• PROBLEM DETAILS
Find every line below that contains the word "size" and copy it out.

[Opening ENTRIES SHOWN section]

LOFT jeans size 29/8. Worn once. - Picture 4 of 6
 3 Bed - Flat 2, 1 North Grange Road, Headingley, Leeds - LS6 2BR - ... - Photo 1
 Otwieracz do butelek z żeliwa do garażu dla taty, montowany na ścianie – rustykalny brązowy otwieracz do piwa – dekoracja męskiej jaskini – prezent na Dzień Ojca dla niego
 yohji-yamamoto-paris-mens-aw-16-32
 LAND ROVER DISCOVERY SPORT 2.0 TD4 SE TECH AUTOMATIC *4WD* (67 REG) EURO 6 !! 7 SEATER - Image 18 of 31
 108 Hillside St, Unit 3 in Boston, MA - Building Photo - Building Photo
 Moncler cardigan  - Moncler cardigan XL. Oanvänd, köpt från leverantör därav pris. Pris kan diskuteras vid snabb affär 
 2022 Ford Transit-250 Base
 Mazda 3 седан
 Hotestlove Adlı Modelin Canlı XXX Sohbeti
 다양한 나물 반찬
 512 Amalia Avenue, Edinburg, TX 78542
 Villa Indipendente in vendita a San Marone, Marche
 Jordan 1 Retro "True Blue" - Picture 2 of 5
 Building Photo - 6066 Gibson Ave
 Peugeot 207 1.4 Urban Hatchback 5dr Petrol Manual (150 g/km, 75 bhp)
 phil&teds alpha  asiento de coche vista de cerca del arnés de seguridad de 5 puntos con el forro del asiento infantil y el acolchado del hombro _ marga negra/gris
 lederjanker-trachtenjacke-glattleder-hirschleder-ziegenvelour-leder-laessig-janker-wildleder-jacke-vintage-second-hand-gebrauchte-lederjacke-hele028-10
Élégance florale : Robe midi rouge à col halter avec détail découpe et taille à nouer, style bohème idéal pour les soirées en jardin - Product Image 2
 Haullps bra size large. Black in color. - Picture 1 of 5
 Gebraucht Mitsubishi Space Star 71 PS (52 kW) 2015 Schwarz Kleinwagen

[Closing ENTRIES SHOWN section]

• ANSWER TO THE PROBLEM
LOFT jeans size 29/8. Worn once. - Picture 4 of 6
 Haullps bra size large. Black in color. - Picture 1 of 5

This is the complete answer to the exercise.